Baktığınızda, sadece ilgili devlet memurunun adı ve soyadı vardır. Aslında olması gerektiği gibi ‘Saygılarımla’, ‘Dostane selamlarımla’, ‘Hayırlı günler dileklerimle’ gibi ibare yoktur. Bu gibi insani ibareleri koymamak da devletimizde dönem dönem çeşitli görevlere gelenlere ayrı hava verir. O koltukta bulundukları sürece kendilerini halkın, vatandaşların üstünde ve onların amiri görürler.

Diğer ülkeler

Diğer ülkeleri incelediğimizde birçok ülkede devlet dairelerinde bu tip yazışmalarda ilgili memur, başkan, her kim ise isminden önce ‘Saygılarımla’ veya ‘Dostane selamlarımla’ yazar. Bizde ise, bu nezaket ve insanlık göstergesi olan ibareleri KULLANMAMAK artık rutin hale geldi. Ve adeta devlet dairelerinde çalışanlar, ilgili özel kurumlara, sivil toplum örgütlerine gönderdikleri yazılarda, kendilerine sorulan soruya cevap verirken dahi bir üstünlük göstergesi sergiliyorlar.

Üniversitelerimiz

Bildiğiniz gibi üniversitelerimiz devlet kurumu değil. Onların başındaki rektörler, dekanlar da öğretim görevlisi. Türkiye Engelliler Spor Yardım ve Eğitim Vakfı olarak yüzlerce engelli öğrencimize burs veriyoruz. Üniversitelerimizin öğrenci işlerine de yazı yazılarak, bu konudaki taleplerin tarafımıza bildirilmesini rica ediyoruz. Bu bilgiler geliyor. Altında imzalar Rektör, Rektör Yardımcısı, Prof… Mektubun sonunda ‘Gereğini rica ederim’ yazıyor. Bir üniversite dekanı veya rektörü, sivil toplum örgütüne gereğini rica edemez. Bunun anlamı kibarca “Bunu yap” demektir.

Nezaket için…

Kaldı ki yine herhalde devlet kurumlarından gelen alışkanlıkla altında ‘Saygılarımla’ sözü yoktur. Ama o sivil toplum örgütleri, üniversitelere yazdıkları zaman ‘Saygılarımla’ ibaresini ilave derler. Çünkü bu nezakettendir. Peki bu rektörlerimizin, yardımcılarının kendilerini sivil toplum örgütlerinin üzerinde görmesinden mi kaynaklanıyor acaba? Sonra o öğretim üyelerimiz emekli oldukları zaman, kendileri ile ilgilenilmesi için çevrelerine, sivil toplum örgütlerine, görev başında yazdıkları yazılarda sergiledikleri tavrın aksine yumuşak davranırlar. Öğretici durumuna geçerler. Koltuk sahibiyken yaptıkları nedir? İnsanları hor görmek!!!

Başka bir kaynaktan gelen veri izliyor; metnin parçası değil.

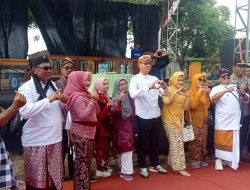 Semarak HUT RI ke-80, Pemdes Mangaran menggelar Karnaval Budaya Sangat Meriah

Sevgide serbestlik saygıda mecburiyet

Bu durumun devlet kurumlarından başlamak üzere değişmesi gerekir. Çünkü devletin tüm kurumlarında çalışan her birey kendi vatandaşlarına saygı göstermek mecburiyetindedir. Bu saygı da, o anda görevde olan devlet yetkilileri tarafından ifade edilir. Her şeyi Sayın Cumhurbaşkanımıza yüklemeye, ondan yardım istemeye alıştık. Belki bu konuda da yine Sayın Cumhurbaşkanımız Recep Tayyip Erdoğan bir çözüm bulur. Ve milletçe ‘Sevgide serbestlik saygıda mecburiyet olduğunu’ bir kez daha hatırlarız.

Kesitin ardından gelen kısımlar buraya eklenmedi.